In respect of the charge of – the remaining charge, the defendant is imprisoned to a fixed term of six months commencing todays date and expiring on 26 August 1997. I also make an order that the implements be forfeited to the Crown. As a result of these orders the defendant is eligible to be released on 27 November 1997.
Exhibit R4 is a document entitled Bench Copy of the Charge Sheet in respect of convictions of the Applicant for drug offences (involving heroin) on 8 September 1998.
Exhibit R5 is the General Direction under section 499 of the Migration Act 1958 in respect of Australia's criminal deportation policy.
Exhibit A1 consists of two photographs of the Applicant and his two children taken in 1999.
Exhibit A2 is a payroll document indicating that the Applicant was employed by Leighton Contractors Pty Limited in September 1999
(f) Because the Applicant was representing himself, I invited the Respondent to present his case first. Mr Cureton then informed the Tribunal and the Applicant of the case against him, and inter alia submitted that the Tribunal does not have jurisdiction, having regard to my decisions in Re Truong and Minister for Immigration and Multicultural Affairs [2000] AATA 916 and Re Pham and Minister for Immigration and Multicultural Affairs [2000] AATA 1159. Ms Richards was then called to give evidence by telephone; I will refer to that evidence later in these Reasons.

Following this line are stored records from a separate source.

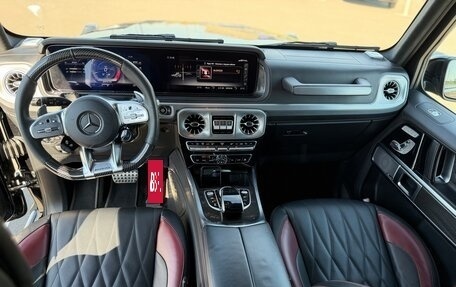 Mercedes-Benz G-Класс AMG, 2021 год, 18 990 000 рублей, 12 фотография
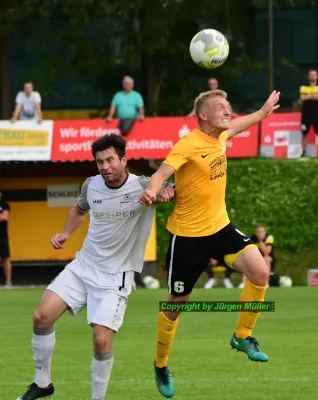 2. ST TL: FSV Schleiz - FSV Ohratal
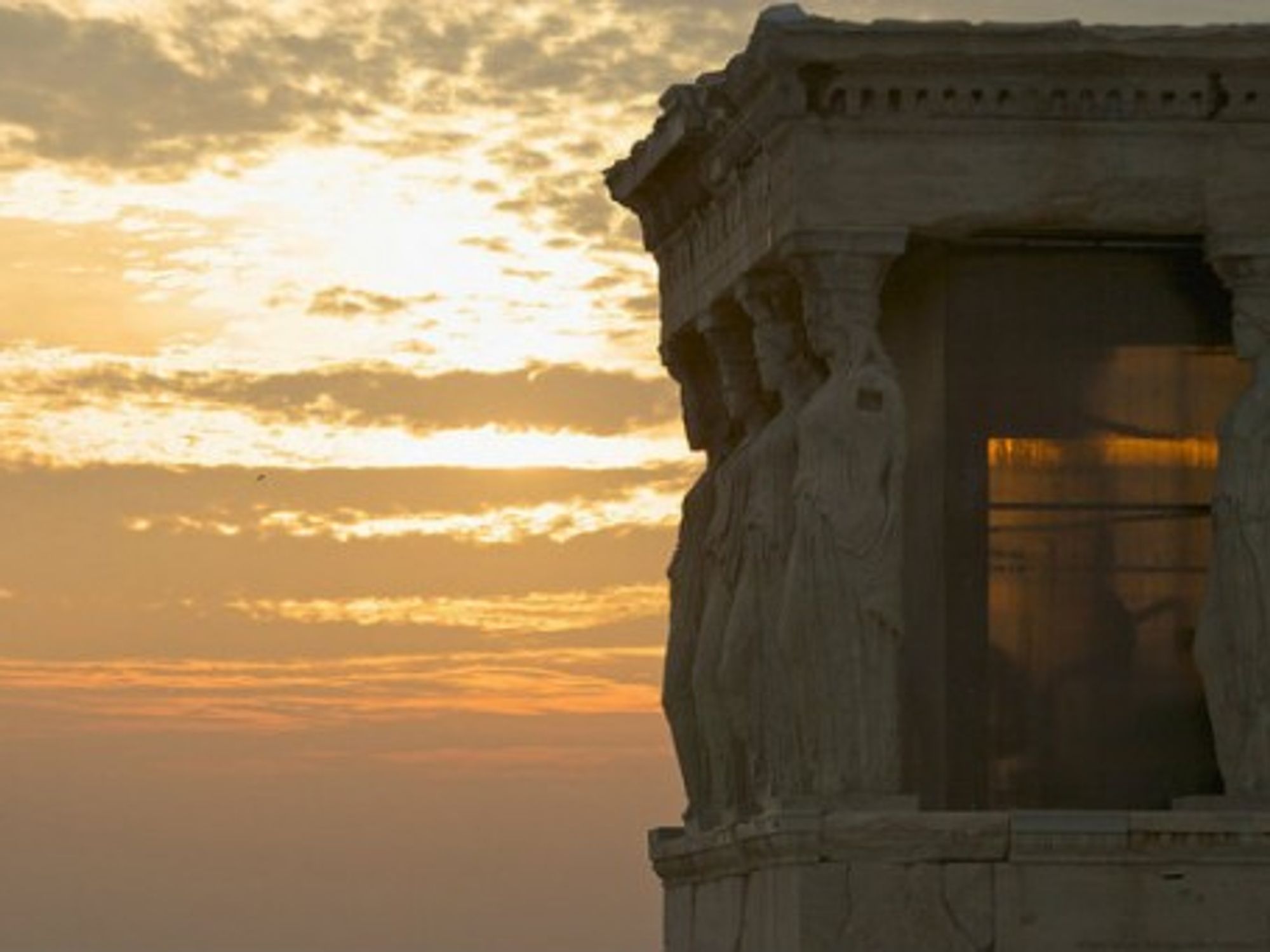 Greek treasures of the past. And the future?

(a) As appears from the Chronology, the Applicant's original application was dismissed by Deputy President Chappell on 23 November 1998 pursuant to section 42A(2) of the AAT Act. Subsequently, and in October 1999, the Applicant submitted a further (and second) application for review of the deportation order. On this occasion, the application was not in fact dated; the Applicant's reasons as specified in that second application were as follows :
Two charges more than ten years ago. 1998 ? Sentenced minor charges since. Two young children. Was working Superdome Homebush, when put into custody.
(b) The Applicant then, by application dated 16 November 1999, submitted yet a further (and third) application for review of the deportation order. On this occasion, he specified his reasons as follows:
I have elder my sister, my children my nephews and nieces who are born in Australia and no relatives in Vietnam.

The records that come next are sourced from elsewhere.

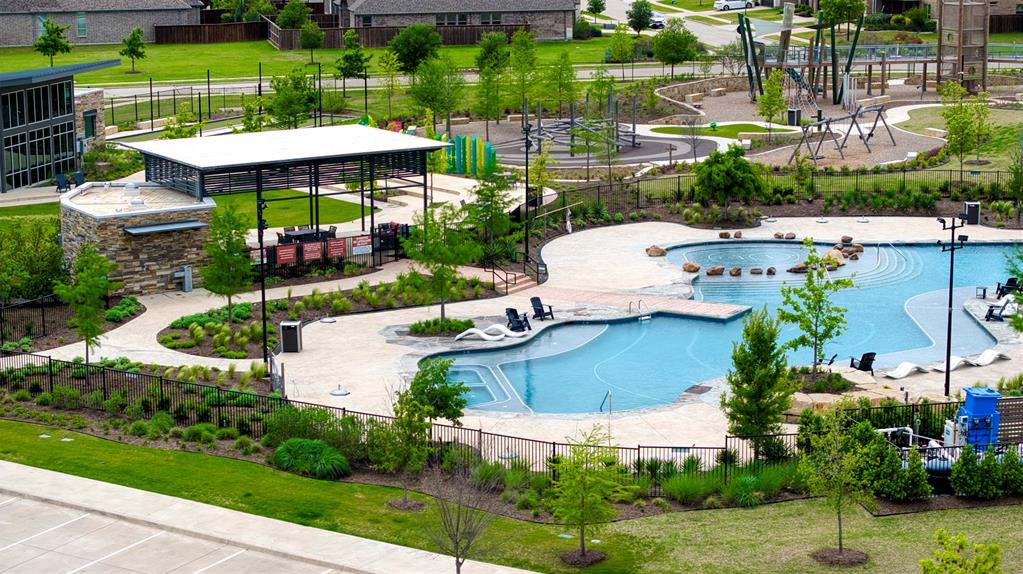 Trinity Falls Planning Unit 3 Ph 1b - Residential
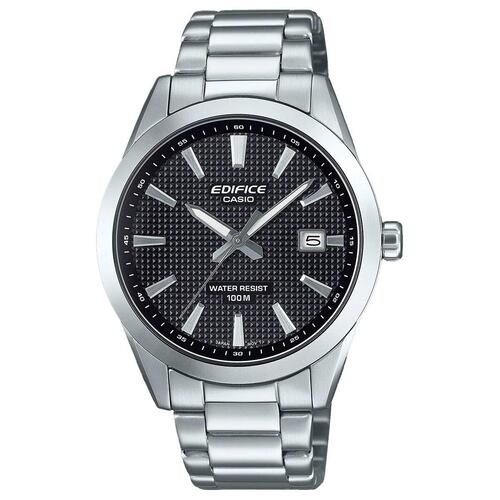 Herreur Casio Edifice EFV-160D-1AVEF - sølvfarvet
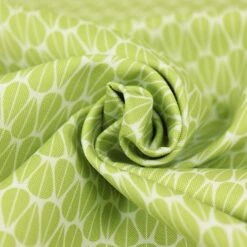 Bio Canvas Motiv Little Leaves Spring Von Monaluna -TextilKreativ Verkaufsgeschäft Little Leaves Spring von Monaluna Bio 1895 3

(c) The Applicant in addition made an application for an extension of time; that application was dated 7 May 2000. The Applicant's reasons as specified in that application were as follows:
I having two kids And I have a proper job I been in this country for 18 years already if you send me back there like you are giving me a death execution. So please Reconsidering my request and my kids
It is relevant to note that the application for an extension of time was made in response to a suggestion by the Tribunal; I refer in this context to a letter to the Applicant and also the Department of Immigration and Multicultural Affairs dated 12 April 2000. It would appear that the registry staff of this Tribunal were under the impression that when a review application is dismissed, a further application for review may be competent, and that therefore if made out of time, the grant of an extension of time is (where discretion is exercised in favour of the Applicant) is competent.
(d) It is not clear to me whether the extension of time application related to the second application or the third application; I propose to assume that it related to each or either of them. Similarly, the Tribunal listed the hearing on 16 January 2001 also as a reinstatement application and thus to the original (dismissed) application.
After the matter first came before me (on 10 October 2000), I have furnished decisions in two similar fact situation cases; those being Re Truong and Re Pham (referred to earlier in these Reasons). Of these two decisions, and although both are in point, the former of the two is most relevant; in Re Truong also there were two applications; those being both an application for reinstatement and an application for an extension of time. My decision in Re Truong read as follows:
The Tribunal does not consider that it has jurisdiction to entertain an application for reinstatement or to grant an extension of time. However, even if the Tribunal does have jurisdiction to grant an application for an extension of time, it does not exercise its discretion in favour of the Applicant. Accordingly both applications fail.
As set out previously in these Reasons the Respondent contends that, in line with my decisions in Re Truong and Re Pham, I do not have jurisdiction to hear a second (or for that matter, third) application for review of the deportation order, or an application for an extension of time. I refer in this context to paragraphs 9 and 10 of my decision in Re Truong and paragraph 8 of my decision in Re Pham, which incorporates paragraphs 9 and 10 of my decision in Re Truong. I do not think it necessary to repeat those reasons yet again; suffice it to say that for the reasons stated, and having regard to amendments to the AAT Act in 1993, it is my view that an application for review, once dismissed, is concluded, and so that a second (and for that matter third) application is not competent; furthermore an application to reinstate the original (dismissed) application will not be valid unless it is made within 28 days of the dismissal.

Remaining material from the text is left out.